Around that time I also started a blog called Hummus For Thought. For a few years, it got a sizeable audience and with that came a level of media attention that I didn’t quite know how to handle (spoiler alert: I was autistic all along and had no idea). I primarily blogged about Lebanon’s racist Kafala system, which is a form of slavery, LGBTQ rights, women’s rights and broadly anti-sectarian politics. I was involved in a group called ‘the Youth Movement’ which took part in the 2010 Laique Pride movement advocating for secularism in Lebanon.

So 2010 to 2013 were what you might call ‘formative years’. By 2015 I was very active in a number of initiatives and protest movements. In the summer of 2015, I helped organise what was then the biggest independent protest movement in recent Lebanese memory, the ‘You Stink’ movement. I mostly helped out as a media liaison officer (as I learned later) and, separately, helped with Global Voices’ coverage of the protests. You’d note that I’m calling it a movement rather than an uprising, although it was technically that too. This is to differentiate it from what happened in October of 2019, but that’s for later.

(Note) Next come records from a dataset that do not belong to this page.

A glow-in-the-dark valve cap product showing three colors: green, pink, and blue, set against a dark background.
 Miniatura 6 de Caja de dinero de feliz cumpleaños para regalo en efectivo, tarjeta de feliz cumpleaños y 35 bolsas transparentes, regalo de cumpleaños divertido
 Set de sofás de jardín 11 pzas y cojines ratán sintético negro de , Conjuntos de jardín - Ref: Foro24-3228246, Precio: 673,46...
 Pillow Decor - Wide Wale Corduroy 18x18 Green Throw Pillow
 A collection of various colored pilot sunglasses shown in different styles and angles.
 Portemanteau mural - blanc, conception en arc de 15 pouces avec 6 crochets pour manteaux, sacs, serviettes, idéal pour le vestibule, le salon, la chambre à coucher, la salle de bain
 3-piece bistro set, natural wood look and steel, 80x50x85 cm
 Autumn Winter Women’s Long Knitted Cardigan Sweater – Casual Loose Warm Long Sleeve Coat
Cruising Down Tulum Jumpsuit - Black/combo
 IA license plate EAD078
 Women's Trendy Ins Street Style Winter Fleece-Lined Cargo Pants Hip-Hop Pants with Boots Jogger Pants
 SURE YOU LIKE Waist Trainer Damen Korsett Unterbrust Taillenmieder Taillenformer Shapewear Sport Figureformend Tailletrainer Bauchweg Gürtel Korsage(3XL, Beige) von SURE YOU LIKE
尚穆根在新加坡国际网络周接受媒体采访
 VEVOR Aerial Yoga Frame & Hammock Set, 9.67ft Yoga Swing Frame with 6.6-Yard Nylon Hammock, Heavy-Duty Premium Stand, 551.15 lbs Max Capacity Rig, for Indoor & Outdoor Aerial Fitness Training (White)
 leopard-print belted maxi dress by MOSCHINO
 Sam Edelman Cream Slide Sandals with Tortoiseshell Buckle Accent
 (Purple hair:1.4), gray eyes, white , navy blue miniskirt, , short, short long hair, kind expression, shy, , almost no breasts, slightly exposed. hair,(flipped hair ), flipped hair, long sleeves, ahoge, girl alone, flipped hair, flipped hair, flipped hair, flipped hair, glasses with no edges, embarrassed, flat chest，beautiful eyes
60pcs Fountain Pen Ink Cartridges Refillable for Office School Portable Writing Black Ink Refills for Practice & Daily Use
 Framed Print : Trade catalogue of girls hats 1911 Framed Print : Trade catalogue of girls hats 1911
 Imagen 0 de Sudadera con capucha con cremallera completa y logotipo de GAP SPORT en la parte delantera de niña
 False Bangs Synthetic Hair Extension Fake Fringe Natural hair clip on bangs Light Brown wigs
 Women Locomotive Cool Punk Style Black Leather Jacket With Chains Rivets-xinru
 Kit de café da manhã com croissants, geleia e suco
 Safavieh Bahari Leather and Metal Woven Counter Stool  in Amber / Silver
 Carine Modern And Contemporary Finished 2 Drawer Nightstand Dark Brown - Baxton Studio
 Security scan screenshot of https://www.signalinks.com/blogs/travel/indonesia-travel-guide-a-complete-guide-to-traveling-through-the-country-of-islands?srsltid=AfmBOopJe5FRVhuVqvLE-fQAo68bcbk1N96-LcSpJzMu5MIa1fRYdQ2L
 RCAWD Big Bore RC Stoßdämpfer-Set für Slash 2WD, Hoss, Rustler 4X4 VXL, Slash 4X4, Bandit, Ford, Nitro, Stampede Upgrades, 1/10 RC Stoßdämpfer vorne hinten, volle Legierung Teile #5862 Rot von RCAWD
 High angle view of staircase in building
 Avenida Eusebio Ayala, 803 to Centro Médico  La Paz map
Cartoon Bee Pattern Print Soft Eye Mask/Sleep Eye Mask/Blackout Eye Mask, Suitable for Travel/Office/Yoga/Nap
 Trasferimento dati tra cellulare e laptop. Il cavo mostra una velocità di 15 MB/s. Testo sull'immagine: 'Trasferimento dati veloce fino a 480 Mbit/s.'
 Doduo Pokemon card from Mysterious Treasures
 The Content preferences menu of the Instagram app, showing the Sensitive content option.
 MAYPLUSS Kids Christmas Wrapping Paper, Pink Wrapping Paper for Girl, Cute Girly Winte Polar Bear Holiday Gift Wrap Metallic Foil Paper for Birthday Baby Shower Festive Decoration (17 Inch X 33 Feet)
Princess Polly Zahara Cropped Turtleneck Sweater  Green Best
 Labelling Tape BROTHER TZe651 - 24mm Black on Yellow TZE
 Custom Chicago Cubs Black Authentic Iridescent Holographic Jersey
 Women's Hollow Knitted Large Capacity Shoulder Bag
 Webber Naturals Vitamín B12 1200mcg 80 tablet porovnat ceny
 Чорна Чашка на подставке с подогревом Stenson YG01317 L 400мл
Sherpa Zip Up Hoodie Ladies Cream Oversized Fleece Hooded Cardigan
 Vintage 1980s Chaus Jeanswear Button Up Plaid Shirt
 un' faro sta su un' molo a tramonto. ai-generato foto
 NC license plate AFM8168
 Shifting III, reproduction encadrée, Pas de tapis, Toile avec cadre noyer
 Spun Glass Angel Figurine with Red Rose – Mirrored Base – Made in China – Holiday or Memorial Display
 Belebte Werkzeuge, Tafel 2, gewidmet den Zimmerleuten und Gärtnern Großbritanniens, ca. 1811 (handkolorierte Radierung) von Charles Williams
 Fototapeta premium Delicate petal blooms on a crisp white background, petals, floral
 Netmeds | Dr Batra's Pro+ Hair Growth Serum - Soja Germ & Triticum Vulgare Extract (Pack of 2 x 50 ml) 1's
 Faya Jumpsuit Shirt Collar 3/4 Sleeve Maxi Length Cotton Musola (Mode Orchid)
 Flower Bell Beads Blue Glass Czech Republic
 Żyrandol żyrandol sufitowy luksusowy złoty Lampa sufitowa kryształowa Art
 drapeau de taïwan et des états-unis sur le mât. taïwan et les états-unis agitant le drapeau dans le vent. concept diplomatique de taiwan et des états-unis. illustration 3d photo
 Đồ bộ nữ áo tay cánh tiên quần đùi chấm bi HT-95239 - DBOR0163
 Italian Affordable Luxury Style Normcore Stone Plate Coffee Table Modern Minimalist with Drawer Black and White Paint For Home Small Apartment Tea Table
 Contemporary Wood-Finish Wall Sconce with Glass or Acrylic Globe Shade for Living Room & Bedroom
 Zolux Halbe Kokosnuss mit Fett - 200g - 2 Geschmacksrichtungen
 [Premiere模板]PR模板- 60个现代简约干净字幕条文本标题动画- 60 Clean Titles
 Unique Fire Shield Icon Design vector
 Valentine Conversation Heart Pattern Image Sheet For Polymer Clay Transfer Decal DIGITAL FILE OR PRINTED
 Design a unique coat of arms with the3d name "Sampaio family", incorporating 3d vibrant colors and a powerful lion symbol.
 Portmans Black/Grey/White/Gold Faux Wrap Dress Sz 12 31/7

Although I helped organise that movement, I also had to leave while its momentum was still going. That’s when I moved to London where I received my MA in Cultural Studies (with distinction, thank you very much) a year later in 2016. That single year at SOAS, University of London was probably the most active few months I had experienced thus far. I was involved with the SOAS Palestine Society as well as the SOAS Syria Society. I also supported the SOAS Kurdish society, but I wasn’t very active.

My Master’s thesis was on the politics of language and the case study I used was Hebrew and Yiddish in pre-WWII and contemporary Jewish political thought. This is the bit where I mention that I am obsessed with languages, which is why I undertook that study. I also did it because, as a Lebanese-Palestinian who grew up in Lebanon, studying the politics of Hebrew and Yiddish wasn’t exactly a common thing. My uncle said I was just being provocative, and I guess he was right since he seemed very provoked.